How to choose between a money market account and a savings account

You don’t have to choose between a money market account and a savings account — you can have both. For example, you could have a savings account where you deposit money for an upcoming trip or a down payment on a house and a money market account where you keep some money so you can write checks.

However, if you want to decide between a money market account and a savings account, here’s what to consider.

Determine what the money is for

First, determine the use of the funds. You may be interested in growing an emergency fund, saving for a down payment for a house or paying for a vacation. Once you know your purpose for the money, review the pros and cons of each product to determine which one is best for you. A savings account may be all you need if you’re simply saving money for later use. Money market accounts are also good options for saving money for specific goals. However, because they allow check-writing and bill payments, you may view this account as more of a transactional account.

Compare fees and rates

Take a look at a bank or credit union’s schedule of fees and rate disclosures to learn more about an account. You can find competitive interest rates on both savings accounts and money market accounts, so be sure to shop around.

Money market accounts may have higher minimum deposit and balance requirements, so consider whether you’ll be able to deposit enough money to open the account and maintain enough money to keep the account open. Money market accounts may also feature tiered rates based on the balance amount, paying higher yields for higher balance thresholds.

Open the account

Whether you’re opening a savings account or money market account, you’ll need some basic information. For your application, you’ll need a government-issued ID, Social Security number, birth date, address and contact information.
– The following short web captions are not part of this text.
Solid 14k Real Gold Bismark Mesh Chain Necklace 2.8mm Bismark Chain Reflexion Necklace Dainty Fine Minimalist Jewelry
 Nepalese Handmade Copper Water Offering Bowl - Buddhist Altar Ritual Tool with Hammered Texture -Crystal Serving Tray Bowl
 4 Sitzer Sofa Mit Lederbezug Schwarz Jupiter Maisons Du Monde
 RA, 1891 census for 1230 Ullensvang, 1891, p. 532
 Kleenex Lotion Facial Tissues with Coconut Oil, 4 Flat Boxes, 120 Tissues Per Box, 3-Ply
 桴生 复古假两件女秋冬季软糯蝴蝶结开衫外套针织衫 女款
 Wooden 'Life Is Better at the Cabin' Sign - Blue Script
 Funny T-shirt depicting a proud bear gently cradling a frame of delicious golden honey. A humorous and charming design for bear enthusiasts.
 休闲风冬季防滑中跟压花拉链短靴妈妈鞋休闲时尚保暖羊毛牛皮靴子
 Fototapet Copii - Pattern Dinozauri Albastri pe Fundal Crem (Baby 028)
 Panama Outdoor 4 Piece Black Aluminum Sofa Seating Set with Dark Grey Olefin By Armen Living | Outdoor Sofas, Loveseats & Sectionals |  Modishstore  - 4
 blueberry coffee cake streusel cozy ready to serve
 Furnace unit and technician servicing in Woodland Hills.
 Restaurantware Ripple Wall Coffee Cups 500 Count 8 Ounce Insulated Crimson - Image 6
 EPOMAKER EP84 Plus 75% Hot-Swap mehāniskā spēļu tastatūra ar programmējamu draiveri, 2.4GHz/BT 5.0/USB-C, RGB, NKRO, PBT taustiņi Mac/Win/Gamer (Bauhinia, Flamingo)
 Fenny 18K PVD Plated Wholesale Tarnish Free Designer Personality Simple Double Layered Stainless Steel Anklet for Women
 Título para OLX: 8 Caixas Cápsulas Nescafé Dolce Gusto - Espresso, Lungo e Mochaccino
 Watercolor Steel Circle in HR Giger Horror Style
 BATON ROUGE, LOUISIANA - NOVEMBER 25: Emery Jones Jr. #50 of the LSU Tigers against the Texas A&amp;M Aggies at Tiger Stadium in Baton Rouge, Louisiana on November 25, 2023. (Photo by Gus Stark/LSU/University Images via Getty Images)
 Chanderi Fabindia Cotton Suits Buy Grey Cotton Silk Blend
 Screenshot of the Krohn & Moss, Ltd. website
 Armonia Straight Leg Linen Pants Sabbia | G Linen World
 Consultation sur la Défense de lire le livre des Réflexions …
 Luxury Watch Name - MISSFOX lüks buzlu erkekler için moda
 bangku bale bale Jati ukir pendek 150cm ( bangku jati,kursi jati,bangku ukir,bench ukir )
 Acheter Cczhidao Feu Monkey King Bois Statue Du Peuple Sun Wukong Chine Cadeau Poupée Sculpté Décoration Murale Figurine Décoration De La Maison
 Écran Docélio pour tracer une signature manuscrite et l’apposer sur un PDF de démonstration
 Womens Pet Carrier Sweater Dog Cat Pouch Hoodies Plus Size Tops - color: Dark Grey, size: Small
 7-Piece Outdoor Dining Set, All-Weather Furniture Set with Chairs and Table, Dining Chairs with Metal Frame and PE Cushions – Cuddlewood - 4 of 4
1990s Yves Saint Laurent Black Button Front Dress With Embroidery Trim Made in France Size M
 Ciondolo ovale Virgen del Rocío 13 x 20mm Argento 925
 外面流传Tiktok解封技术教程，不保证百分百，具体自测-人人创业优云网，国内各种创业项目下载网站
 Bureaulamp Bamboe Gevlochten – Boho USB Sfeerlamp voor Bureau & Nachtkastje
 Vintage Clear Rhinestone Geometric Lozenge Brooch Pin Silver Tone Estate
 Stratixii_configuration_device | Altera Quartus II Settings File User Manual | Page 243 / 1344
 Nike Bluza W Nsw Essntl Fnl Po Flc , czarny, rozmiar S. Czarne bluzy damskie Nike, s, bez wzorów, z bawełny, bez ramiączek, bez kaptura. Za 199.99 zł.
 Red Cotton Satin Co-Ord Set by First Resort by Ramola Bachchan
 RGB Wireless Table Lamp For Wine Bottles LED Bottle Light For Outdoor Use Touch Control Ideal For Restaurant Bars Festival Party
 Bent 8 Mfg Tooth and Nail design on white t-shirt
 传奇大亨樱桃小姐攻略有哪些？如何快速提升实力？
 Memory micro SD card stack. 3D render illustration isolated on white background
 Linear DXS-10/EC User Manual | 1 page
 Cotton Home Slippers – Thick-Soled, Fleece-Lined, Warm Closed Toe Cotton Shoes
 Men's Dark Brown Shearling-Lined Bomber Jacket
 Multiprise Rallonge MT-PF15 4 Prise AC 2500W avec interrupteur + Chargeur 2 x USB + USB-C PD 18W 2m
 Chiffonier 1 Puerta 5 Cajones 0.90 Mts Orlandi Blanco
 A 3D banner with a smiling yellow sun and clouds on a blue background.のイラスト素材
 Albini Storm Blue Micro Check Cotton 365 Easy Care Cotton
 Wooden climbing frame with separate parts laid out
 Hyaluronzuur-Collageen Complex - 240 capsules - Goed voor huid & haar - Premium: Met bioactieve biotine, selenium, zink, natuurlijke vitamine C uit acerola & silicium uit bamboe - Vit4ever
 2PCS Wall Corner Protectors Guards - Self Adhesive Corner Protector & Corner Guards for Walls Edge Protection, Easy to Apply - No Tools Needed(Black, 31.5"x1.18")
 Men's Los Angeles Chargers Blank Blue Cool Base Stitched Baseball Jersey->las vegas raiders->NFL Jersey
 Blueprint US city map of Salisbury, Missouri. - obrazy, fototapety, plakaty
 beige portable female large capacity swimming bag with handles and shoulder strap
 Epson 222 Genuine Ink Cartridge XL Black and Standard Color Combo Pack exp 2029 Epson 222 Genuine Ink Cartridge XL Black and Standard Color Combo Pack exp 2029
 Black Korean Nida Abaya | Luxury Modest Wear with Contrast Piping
You may need to make a minimum deposit to open a savings account or money market account. You will need the routing number and bank account number for the account you will be sending funds from.

Watch for fees

Some savings and money market accounts may charge you a monthly maintenance fee if you don’t meet certain conditions such as having a minimum balance or receiving at least one deposit per month. Make sure you follow an account’s requirements to avoid monthly fees that can cut into growing your savings. Or even better, find a bank that doesn’t charge monthly fees.

Most savings and money market accounts are limited to six transfers or withdrawals per month, though your bank may have lifted this restriction after the Federal Reserve ruling. Remember to check with your bank to confirm an account’s withdrawal limits so you don’t exceed them, or you may be charged excess withdrawal fees.

Bottom line

During times of economic uncertainty, it can be more important than ever to have savings in a liquid account that earns some interest, such as a savings account or a money market account. Factors to consider when choosing between the two can include APY and minimum deposit requirements, as well as the ability to write checks and pay bills.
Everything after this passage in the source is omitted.